Samsung America Headquarters (Device Solutions)
San Jose              
BEST PROJECT, OFFICE/RETAIL/MIXED-USE


Key Players
Owner
Samsung AHQ(DS)
Lead Designer NBBJ
Contractor Webcor Builders
Civil, Structural & MEP Engineer Arup North America Ltd.
Landscape Architect SWA
Food Service Ricca Design Studios
Subcontractor Gayle Manufacturing Co.


In aiming to create a flexible, collaborative and sustainable campus for its U.S.-based headquarters, Samsung set an ambitious goal—no employee in the 10-story tower would be more than one level away from an outdoor garden space.

The balance and integration of indoor and outdoor office spaces drove the architectural and structural design of the building. The tower is organized around a central courtyard. With no columns on the east and west sides, the tower appears to float at every third level and offers occupants clear external views. The resulting spaces—and the atria around them—function as collaboration areas that facilitate casual meetings and breaks from traditional workspaces.

“The way the architecture and engineering work together to create these floating wafers within the tower is quite striking,” says Robert Pallmann, structural engineering and project manager at Arup. “The idea of a tower with these big holes in the middle is about user comfort and access to daylight. If you look at the garden levels, half of the floorplates don’t have any columns—they are very open. Massive trusses and cantilevers make it happen.”
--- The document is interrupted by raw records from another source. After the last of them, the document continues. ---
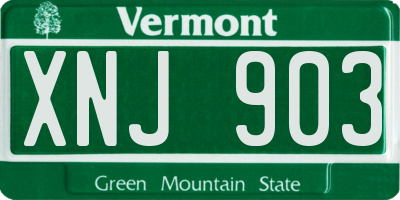 VT license plate XNJ903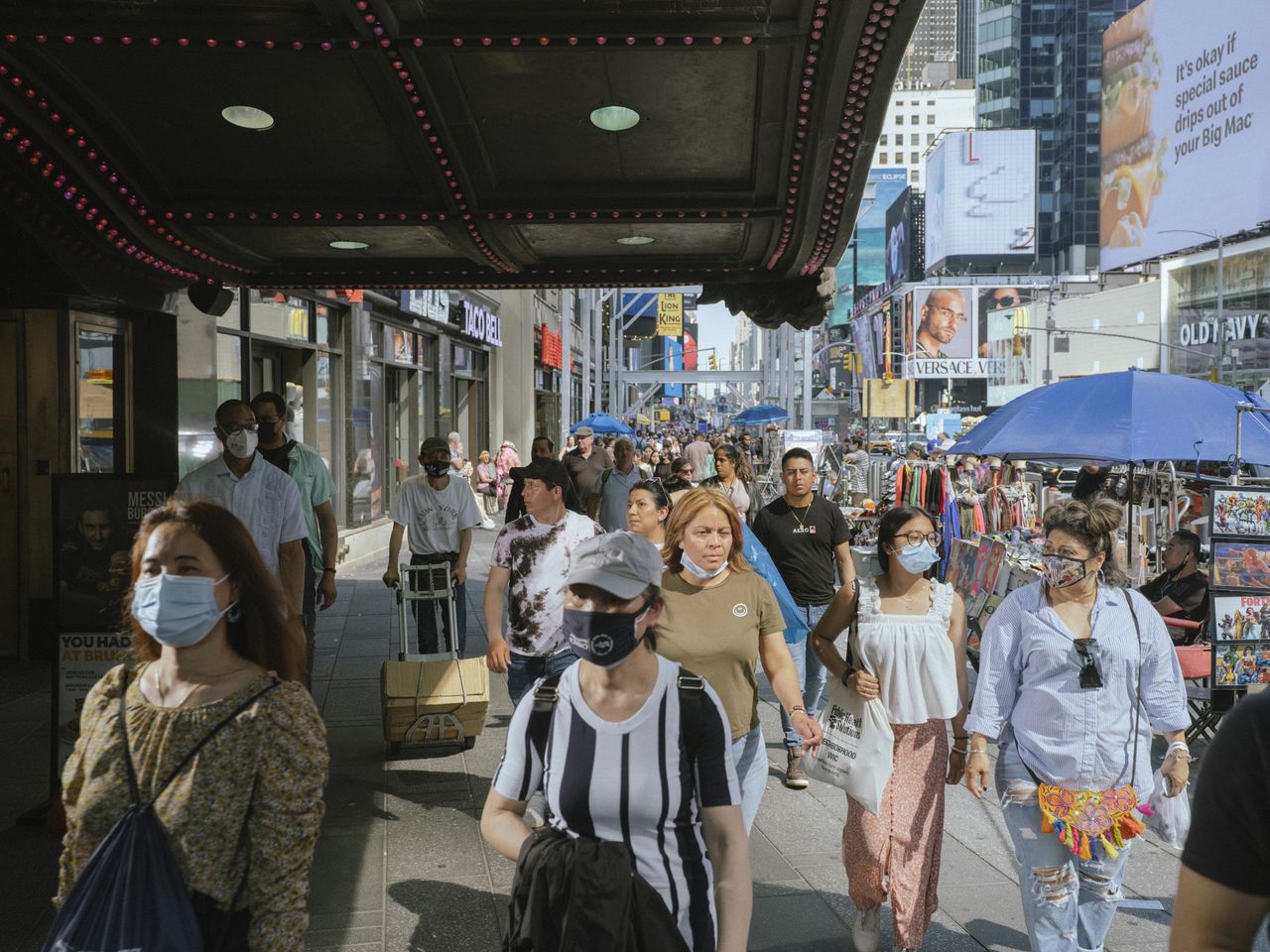 People in Times Square.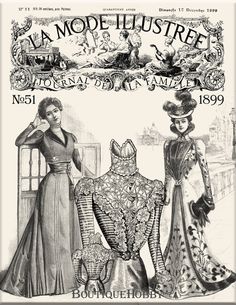 an old fashion magazine cover with two women in dresses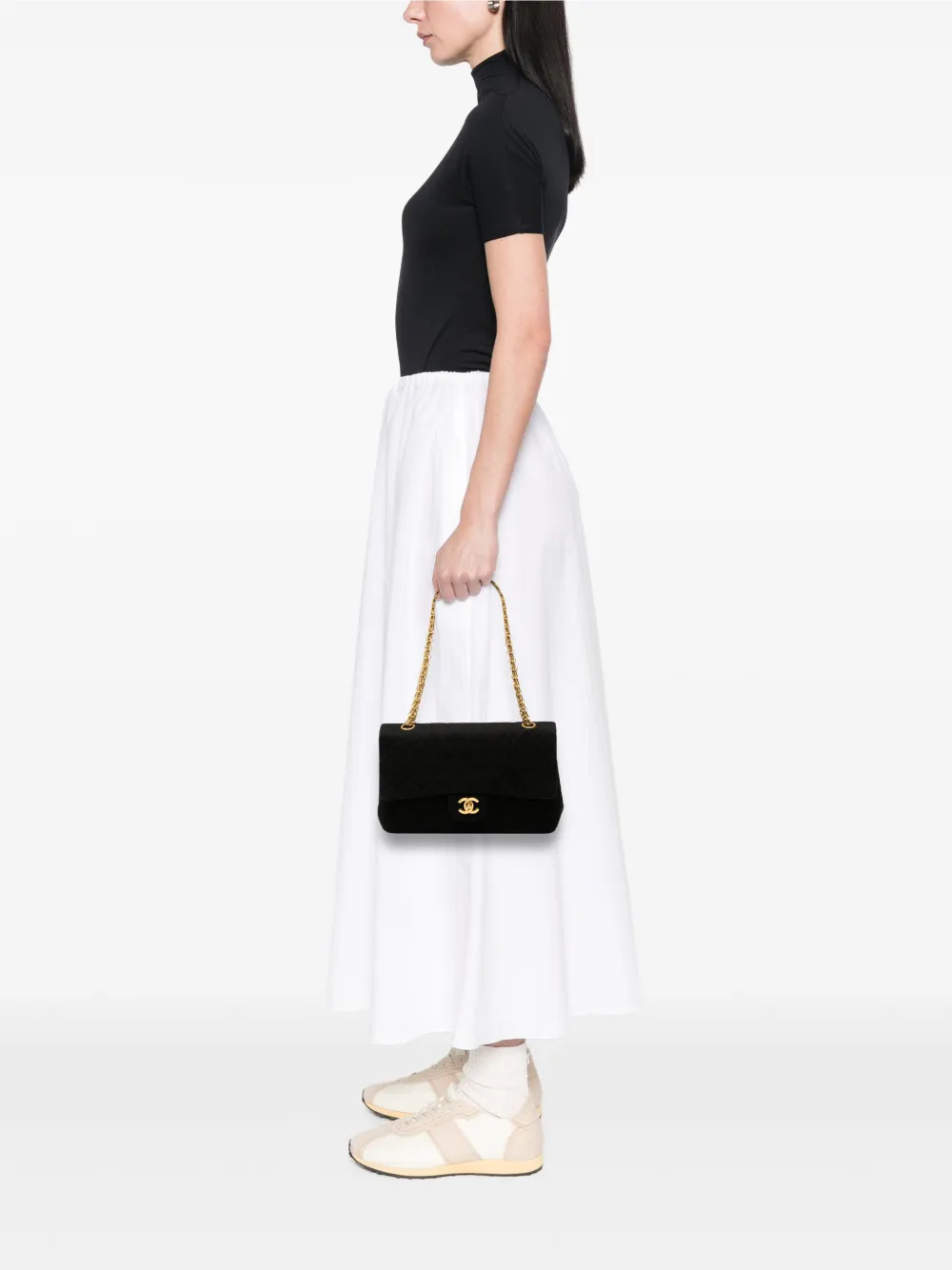 CHANEL Pre-owned 1989-1991 Medium Classic Jersey Double Flap Shoulder Bag In Black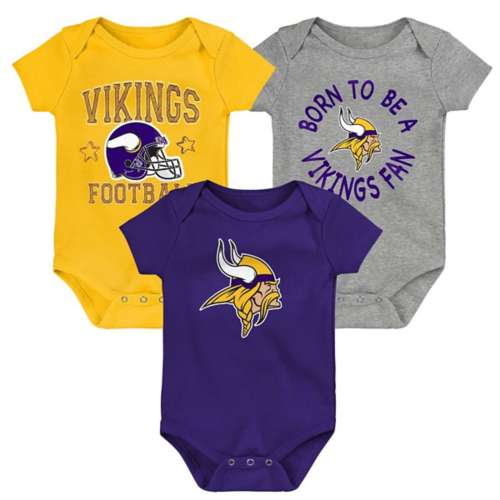 Genuine Stuff Baby Minnesota Vikings Born 2 Be Onesie 3 Pack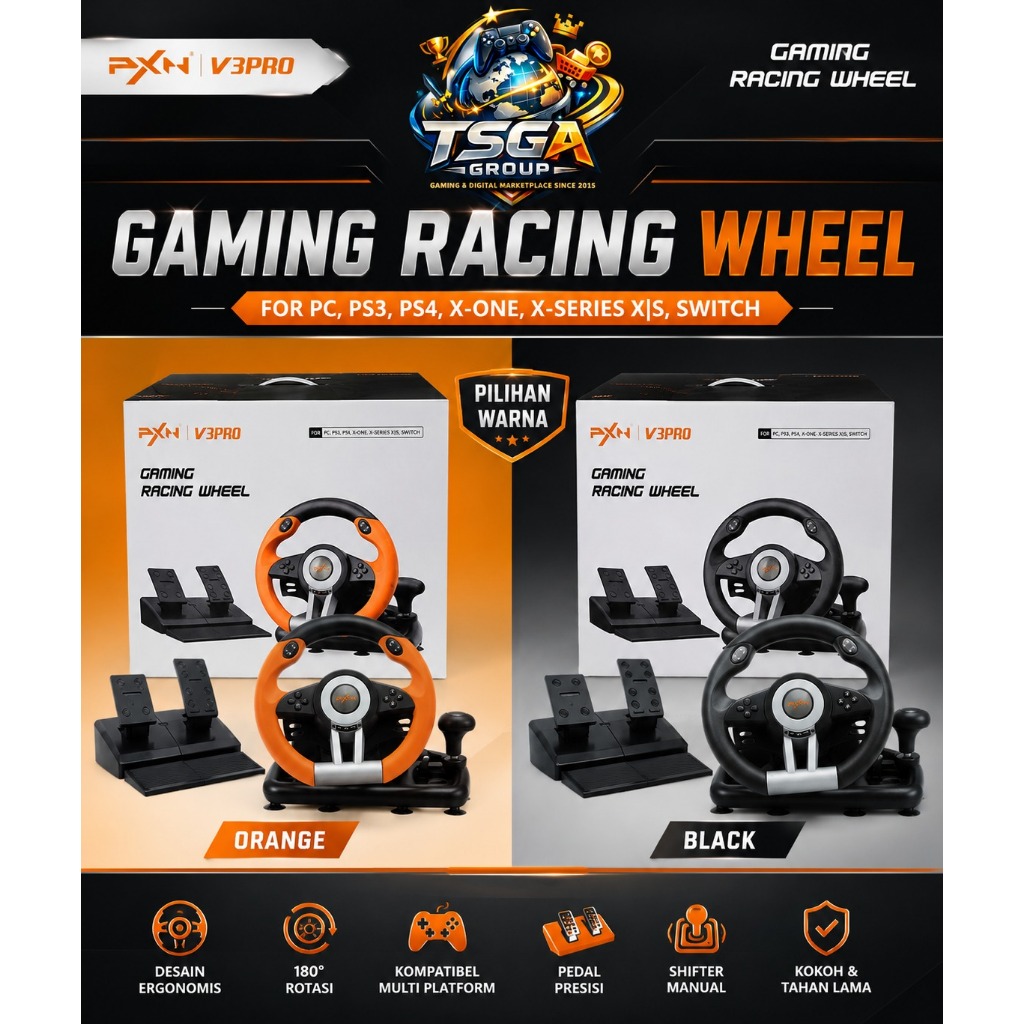 PXN V3 Pro Steering Wheel Racing PS3 PS4 PC Xbox series Stir Mobil Nintendo Switch Stiran PS4 PS3 Ga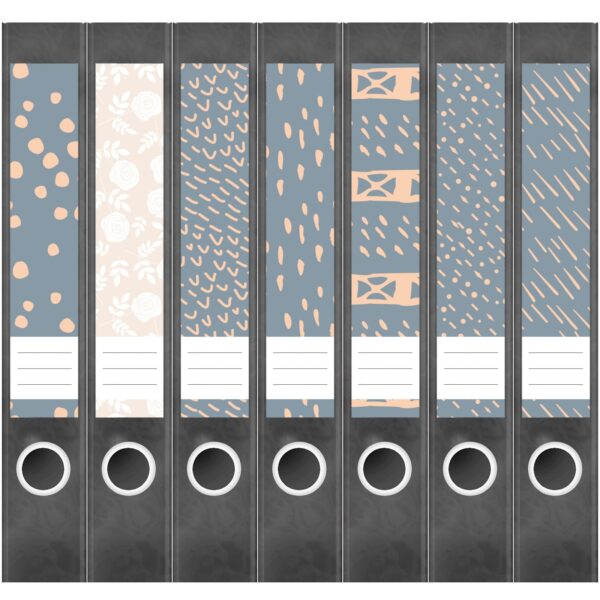 Etiketten für Ordner | Deko 11 Muster Mix | 7 Aufkleber für schmale Ordnerrücken | Selbstklebende Design Ordneretiketten Rückenschilder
Open-air garden floors required the structure to accommodate 45-ft by 300-ft column-free areas at the east and west sides via two-story cantilevered trusses. 

“I love this building,” says one judge. “The engineering feat of the massive cantilevers is incredible, especially in person.”

To avoid lateral force transfer into the 180-ft-long trusses, the design team developed a unique sliding joint detail at the truss bottom chord. The sliding joint ensures that lateral forces are not picked up by the truss diagonal elements and therefore not shared between levels by the truss.

Building stability is provided by ductile-reinforced concrete cores on the north and south ends of the tower. Steel link beams carry potentially high loads from combined tension and shear forces in the shear walls near connections of the cantilevered trusses.

Mindful of differential shrinkage and thermal movements of concrete and steel, designers developed special details for truss-to-core connections. Service coordination was especially critical into and out of the tower cores. MEP services and elevator and stair openings share space, but the strength of ductile reinforced coupling beams and shear wall boundary elements cannot be compromised.

The tower’s design required Webcor Builders to simultaneously construct eight separate structural concrete cores that supported cantilevered steel trusses, which were placed using mobile cranes working from within the building’s interior courtyard.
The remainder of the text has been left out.